• **SUPPLIED MATERIAL**
***
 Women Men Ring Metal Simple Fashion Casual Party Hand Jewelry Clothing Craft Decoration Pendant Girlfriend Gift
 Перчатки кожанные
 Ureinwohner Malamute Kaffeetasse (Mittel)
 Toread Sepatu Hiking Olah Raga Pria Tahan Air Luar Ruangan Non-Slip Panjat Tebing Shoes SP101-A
***
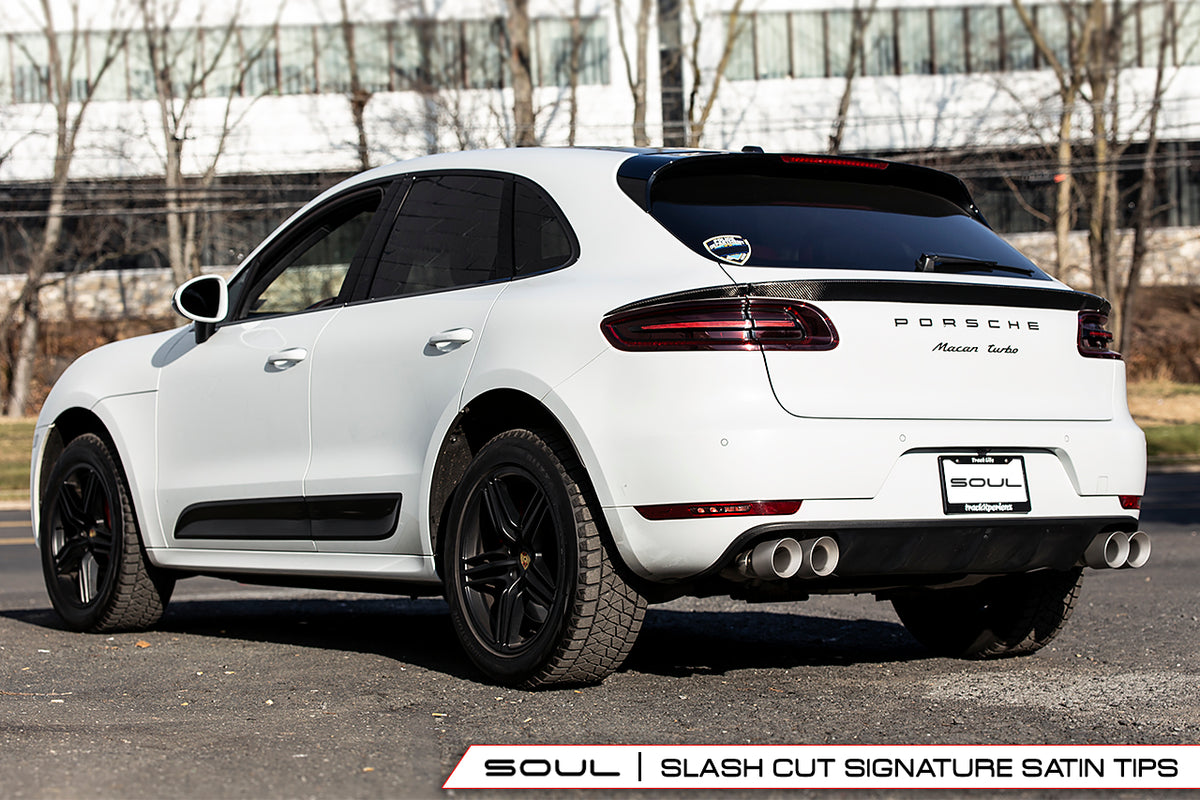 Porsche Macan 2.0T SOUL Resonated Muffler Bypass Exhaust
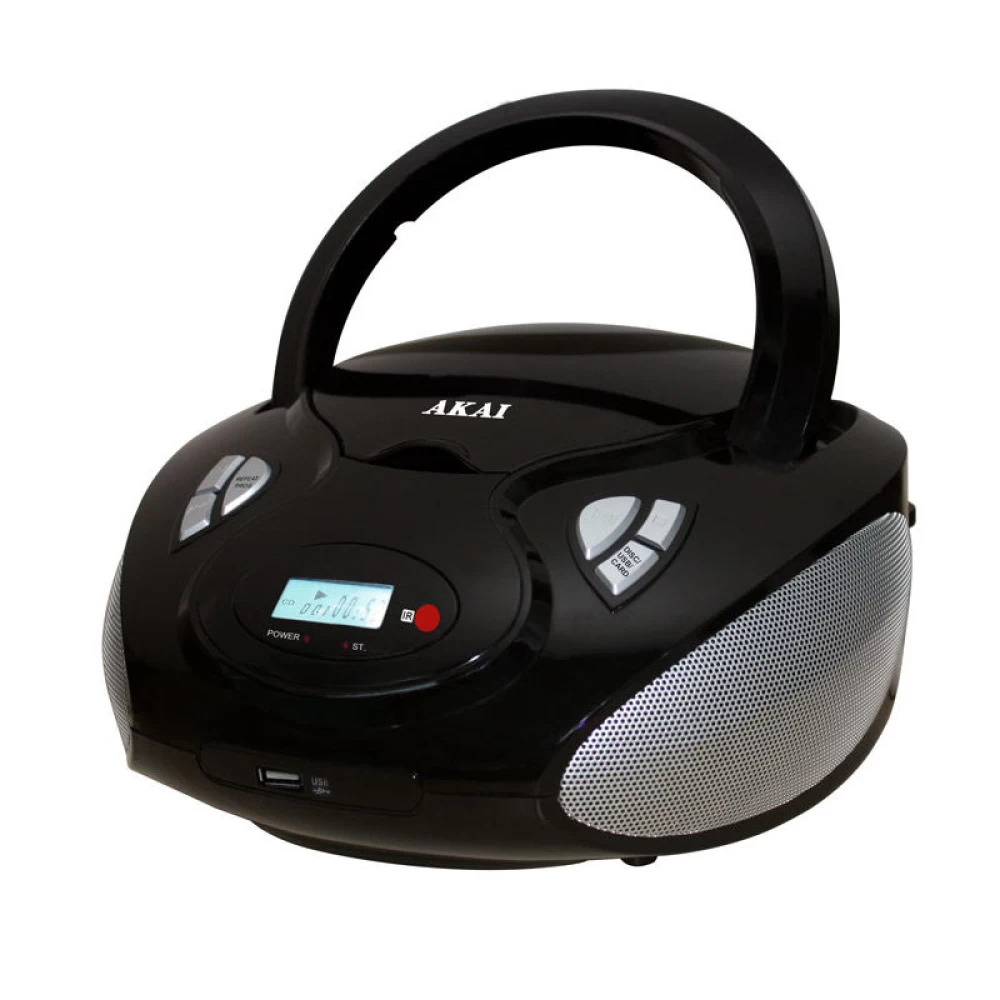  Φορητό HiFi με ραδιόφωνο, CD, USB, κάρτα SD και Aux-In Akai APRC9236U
***
• **EXERCISE DETAILS**
The required output is the stretch of entries above from the line containing "Women Men Ring" through the line containing "Toread Sepatu Hiking", reproduced exactly.

• **OUTPUT FOR THIS EXERCISE**
 Women Men Ring Metal Simple Fashion Casual Party Hand Jewelry Clothing Craft Decoration Pendant Girlfriend Gift
 Перчатки кожанные
 Ureinwohner Malamute Kaffeetasse (Mittel)
 Toread Sepatu Hiking Olah Raga Pria Tahan Air Luar Ruangan Non-Slip Panjat Tebing Shoes SP101-A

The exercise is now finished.